Having finished cinching down the buckles of our llama’s saddle, my tent mates and I took turns loading our gear on the animal for the first time. It was a hot day and we were sweating greatly, yet as my eyes shifted to the trail ahead, it was clear the snow-capped peaks in the distance would offer something quite different. I am part of a National Outdoor Leadership School (NOLS) expedition where a group of thirteen senior executives are practicing the art of leadership by exploring the Wyoming backcountry together. We will navigate many miles of increasing elevation daily. We will learn new outdoor skills and how to care for the environment. Yet, most importantly, we will learn to behave in ways that inspire deep trust with one another.

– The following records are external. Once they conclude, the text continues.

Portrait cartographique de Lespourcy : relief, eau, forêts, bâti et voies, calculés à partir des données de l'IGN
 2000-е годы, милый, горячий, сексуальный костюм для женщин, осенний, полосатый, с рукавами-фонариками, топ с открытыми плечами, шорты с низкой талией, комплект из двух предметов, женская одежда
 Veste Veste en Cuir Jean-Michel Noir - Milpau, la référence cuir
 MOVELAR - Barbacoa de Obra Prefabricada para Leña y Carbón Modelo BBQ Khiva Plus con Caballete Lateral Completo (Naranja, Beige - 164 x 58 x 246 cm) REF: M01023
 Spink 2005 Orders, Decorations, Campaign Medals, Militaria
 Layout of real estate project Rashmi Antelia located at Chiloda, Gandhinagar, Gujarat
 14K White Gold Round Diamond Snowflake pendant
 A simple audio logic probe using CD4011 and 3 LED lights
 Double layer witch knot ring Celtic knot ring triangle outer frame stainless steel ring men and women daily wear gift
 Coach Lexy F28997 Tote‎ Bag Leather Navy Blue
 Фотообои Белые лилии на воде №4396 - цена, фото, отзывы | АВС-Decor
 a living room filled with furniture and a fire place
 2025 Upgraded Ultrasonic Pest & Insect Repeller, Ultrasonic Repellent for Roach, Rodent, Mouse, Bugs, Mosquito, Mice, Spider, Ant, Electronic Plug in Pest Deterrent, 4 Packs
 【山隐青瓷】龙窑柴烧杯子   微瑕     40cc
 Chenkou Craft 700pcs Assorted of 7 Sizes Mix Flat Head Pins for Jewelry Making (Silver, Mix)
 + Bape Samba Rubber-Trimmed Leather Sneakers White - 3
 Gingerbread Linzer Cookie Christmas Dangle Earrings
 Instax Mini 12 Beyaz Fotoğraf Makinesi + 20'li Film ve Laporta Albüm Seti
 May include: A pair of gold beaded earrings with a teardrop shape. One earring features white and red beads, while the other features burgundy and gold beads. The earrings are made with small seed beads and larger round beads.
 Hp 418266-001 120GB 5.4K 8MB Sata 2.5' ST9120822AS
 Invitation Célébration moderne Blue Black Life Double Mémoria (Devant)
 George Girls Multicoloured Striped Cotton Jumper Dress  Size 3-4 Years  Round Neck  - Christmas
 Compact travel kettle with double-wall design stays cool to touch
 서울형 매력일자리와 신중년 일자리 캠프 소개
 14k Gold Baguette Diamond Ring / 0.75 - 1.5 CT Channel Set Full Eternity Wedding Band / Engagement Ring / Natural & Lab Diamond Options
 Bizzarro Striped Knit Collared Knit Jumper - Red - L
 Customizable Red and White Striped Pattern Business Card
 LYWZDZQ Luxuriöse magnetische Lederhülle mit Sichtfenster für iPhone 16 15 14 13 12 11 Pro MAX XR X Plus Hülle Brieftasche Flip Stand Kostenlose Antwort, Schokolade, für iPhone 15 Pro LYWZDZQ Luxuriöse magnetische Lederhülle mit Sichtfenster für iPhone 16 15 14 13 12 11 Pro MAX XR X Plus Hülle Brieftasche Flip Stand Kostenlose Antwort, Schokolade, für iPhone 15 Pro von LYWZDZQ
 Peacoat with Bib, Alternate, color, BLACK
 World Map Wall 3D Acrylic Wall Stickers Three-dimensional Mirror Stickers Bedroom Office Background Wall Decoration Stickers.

A core part of the learning comes from the llamas themselves. Magnificently agile animals, they can leap over three feet high logs, with 70 pounds on their backs, and calmly stick the landing on the side of a wet cliff. It’s an amazing sight to behold. Much like humans, they also have different personalities, varying moods and preferences. Some are more dominant than others and “act up” if placed in the back of the pack. Others are almost cliquey in nature, and will only move efficiently when placed next to their best bud.

Similar to leading with a team of direct reports toward a goal, our group had to learn how the llamas wanted to be managed! We had to uncover the pack’s dynamics, assess their personal needs, and then adjust our management style to meet those needs. For instance, we quickly learned that a command and control style would often backfire immediately (as it does in most modern organizations). In fact, push too hard, and you just might get spit on in retaliation! However (unless you speak llama) it’s rather hard to communicate a vision and then empower a llama to drive results. The llamas needed a balanced approach to leadership; not only one that took into account the environmental pressures being placed on us to accomplish the day’s mission, but also brought them into the decision-making process. Over the course of seven days together, here’s what a bunch of llamas taught us:

1. Know when to give ‘em more lead, and when to reel ‘em in

We all took turns as a llama handler as we trekked across the remote and sometimes dangerous terrain. When guiding your animal, you hold onto what’s called a lead, which attaches to their bridle and gives you about 6 feet of rope to work with. Mastering how much of that lead you hold in your hands is an art and it’s constantly changing. When navigating tight areas, you might shorten it to just a foot or two so you maintain strong control. When crossing a fast moving creek, you might release all of the length, giving your llama the freedom to cross the danger as he sees best. The parallels to leading a direct report are clear. Sometimes they “don’t know what they don’t know,” and you need to provide strong direction and guidance to best help them. Other times, strong guidance works against you as a manager, and reports need space to find their own solutions. A great manager does not adopt a single style of leadership,  rather applies the right style based on the individual’s need and the task at hand.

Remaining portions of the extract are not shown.